Захар все смотрел в оконце. Вон у леса толпа целая собралась, стоят голова к голове, к середине тискаются.
Захар старался подальше просунуть голову в узкое оконце, но рогатка мешала, – никак он не мог разглядеть, что там в середине – то ли смотрят парни чего-то, то ли слушают кого. Головами качают, оглядываются. Господи! Да ведь тот самый, что в лесу…ну да, конечно, бродяга на деревяшке. Говорит им чего-то. Показывает будто что-то белое, вроде как бумага. Ишь, как слушают! И вдруг, точно ветром всех сдунуло, рассыпались кто куда. И бродяги не видать, как сквозь землю провалился. Захар поглядел в другую сторону – Ковригин ковыляет. Из-за него, верно. Не любят рыжего дьявола. Захар поглядел на лес. Тени длинные стали, – значит, вечер скоро. Как бы не опоздать.

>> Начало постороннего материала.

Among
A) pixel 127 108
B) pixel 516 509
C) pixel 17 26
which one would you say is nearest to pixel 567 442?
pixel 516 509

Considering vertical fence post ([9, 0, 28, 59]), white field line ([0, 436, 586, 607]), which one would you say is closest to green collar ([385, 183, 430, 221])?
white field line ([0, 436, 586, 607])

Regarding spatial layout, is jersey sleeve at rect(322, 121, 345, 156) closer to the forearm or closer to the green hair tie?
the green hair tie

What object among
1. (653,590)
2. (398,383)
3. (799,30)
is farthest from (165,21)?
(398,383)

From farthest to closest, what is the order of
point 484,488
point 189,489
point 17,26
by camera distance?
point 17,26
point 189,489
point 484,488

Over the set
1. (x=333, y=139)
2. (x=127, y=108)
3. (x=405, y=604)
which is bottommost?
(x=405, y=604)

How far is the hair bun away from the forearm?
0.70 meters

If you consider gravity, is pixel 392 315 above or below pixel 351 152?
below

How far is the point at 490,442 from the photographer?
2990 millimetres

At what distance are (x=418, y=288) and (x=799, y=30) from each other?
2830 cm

Он кубарем скатился с лестницы, выскочил из сторожки и, ни на кого не глядя, держась обеими руками за рогульки, со всех ног помчался опять через пустырь к лесу. Только в лесу дух перевел. Благодать в лесу! Сосной пахнет. Тихо так. Только птицы чирикают. Грибов теперь, наверно, после дождей высыпало! Да не до того было Захару. Бежал, торопился, не опоздать бы.
Добежал до полянки – никого. Сел на пенек и стал ждать. Дятел один стучит, а людей – никого. Долго так сидел Захар, слушал. Солнце как раз до той вершины дошло, что тот бродяга показывал. Заходить стало. Зашло. Деревья так и выступили на краю горы. Долго ждал Захар. Темно в лесу, тихо. Птицы смолкли. Сыростью запахло. Захар встал, махнул рукой и побрел назад, шаркая ногами. К заводу пришел, когда уже ворота запирали.
– Чего тебя в ночь-полночь носит? – проворчал сторож.
Захар не ответил и скорей прошмыгнул к Акимовой избе. В окне свет еще был, – стало быть, не спит Аким. Захар поднялся на крылечко, вошел в сени – голоса! Кто это у него?
Захар прошел тихонько сени и заглянул в дверную щелку! Аким стоит у стола, а перед ним – тот, с деревяшкой. «Пришел-таки, – обрадовался Захар. – И как прознал, что я тут живу? Дошлый!»
Он остановился послушать, о чем у них разговор идет.
Аким стоял посреди избы понурившись, волосы на лицо свесились, – верно, не рад гостю.
– Да уж коли разыскал, – говорил Аким, – так, видно, не за добром.
«Знакомый, стало быть», – удивился Захар.
– Для милого дружка семь верст не околица, – нараспев протянул гость.
– Дружба-то наша! Чорт одной веревочкой связал – вся и дружба, – нехотя проговорил Аким.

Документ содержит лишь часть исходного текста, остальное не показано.